Making sense of language.
This way of being—always already living ahead in the end-for-which
as returning-to and disclosing—is an original, unified, fundamental
comportment whose structure expresses the “as.” The “as” has the function
of uncovering something in terms of something, of uncover something
as—i.e., as this or that. The “as” is the structure of understanding.
The understood is a ἑρμηνεία, that-which-is-understood in an understanding.
We said that understanding is a basic comportment of existence.

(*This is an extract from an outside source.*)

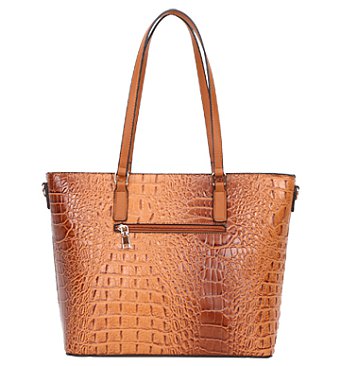 2- in- 1 Crocodile Tote Set With Matching Wallet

Therefore, the structure of the “as” is the fundamental hermeneutical
structure of the being of that being which we call existence
(human life). This fundamental hermeneutical structure can be apprehended
in a relatively (and I emphasize relatively) original form of what
we called “direct dealing-with-something.”
...
Only insofar as this capacity to understand—to make sense of—already
belongs to existence, can existence express itself in sounds, such
that these vocal sounds are words that now have meaning. Because
existence, in its very being, is sense-making, it lives in meanings and
can express itself in and as meanings. Only because there are such
vocal sounds (i.e., words) that accrue to meanings, can there be individual
words, i.e., the linguistic forms that are stamped by
meaning and can be detached from that meaning. We call such a
whole of sounds in which existence’s capacity to understand has
somehow evolved and become existential, language; and when I speak
here of a whole of existence I do not mean an individual act of existence,
but being-with-each-other qua historical.